Exercise objective - Would you repeat word for word the lines of the listing that follows, from the one with "A corridor with" up to and including the one with "203 Tom Robinson", and leave out the images?

Available data -
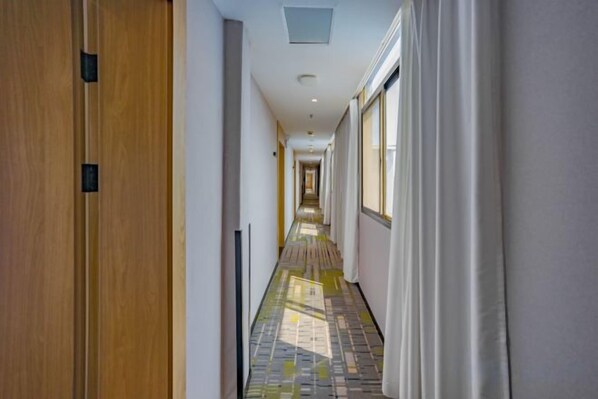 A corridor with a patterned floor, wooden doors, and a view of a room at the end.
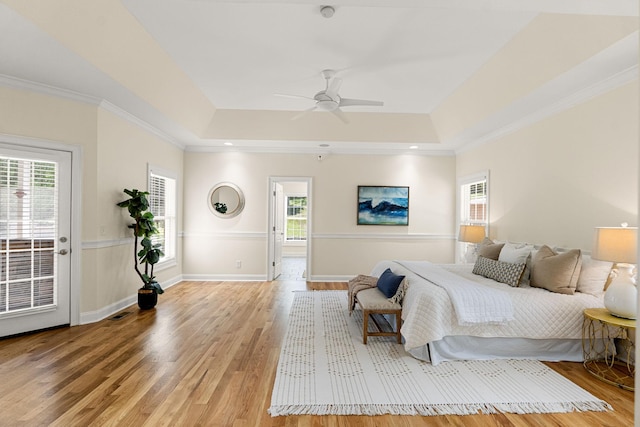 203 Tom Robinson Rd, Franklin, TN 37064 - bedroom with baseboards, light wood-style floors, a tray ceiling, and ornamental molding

* * *

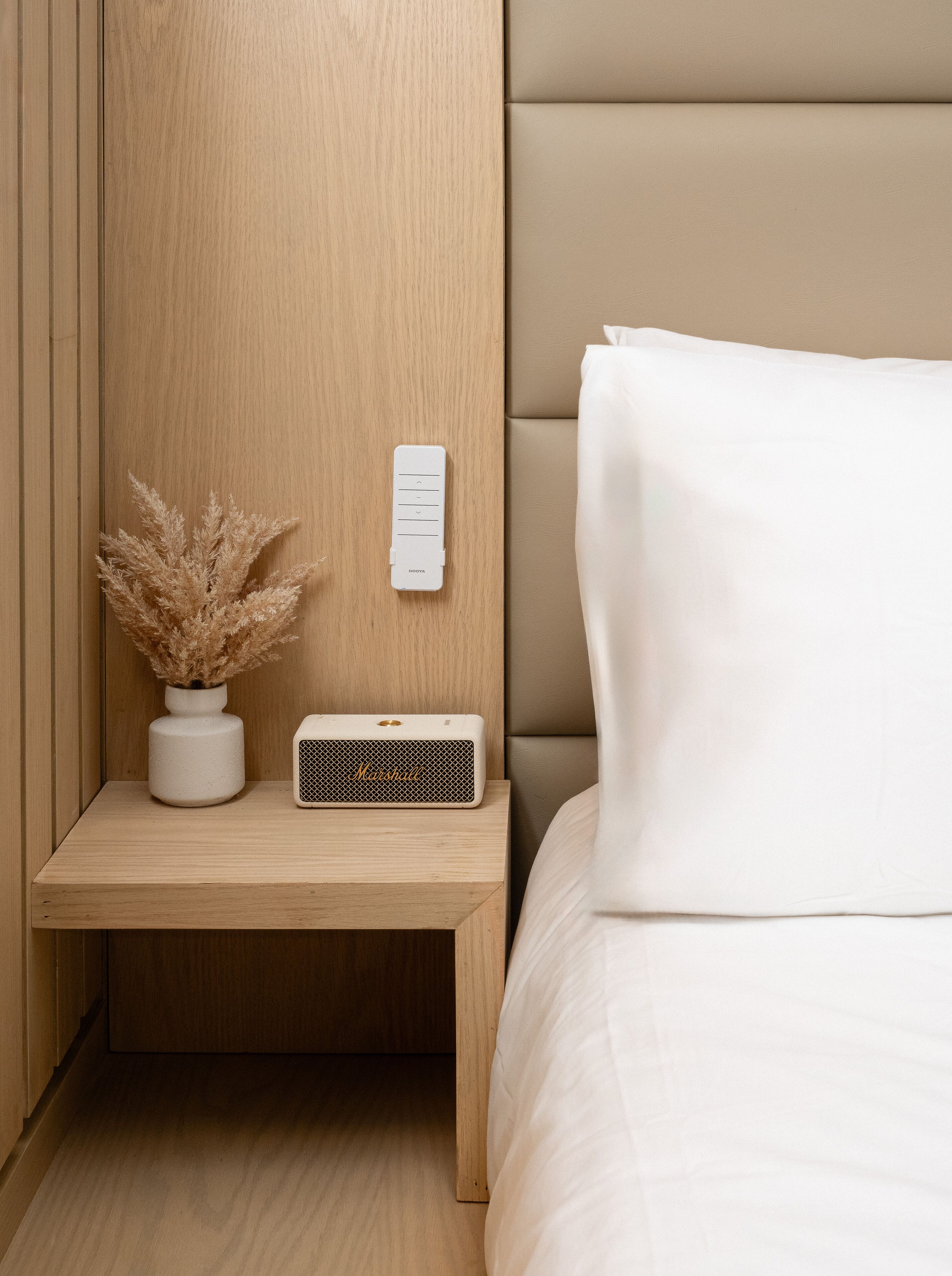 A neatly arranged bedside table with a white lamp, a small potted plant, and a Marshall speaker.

==

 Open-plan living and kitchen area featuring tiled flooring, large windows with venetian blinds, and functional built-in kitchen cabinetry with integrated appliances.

Your response -
 A corridor with a patterned floor, wooden doors, and a view of a room at the end.
 203 Tom Robinson Rd, Franklin, TN 37064 - bedroom with baseboards, light wood-style floors, a tray ceiling, and ornamental molding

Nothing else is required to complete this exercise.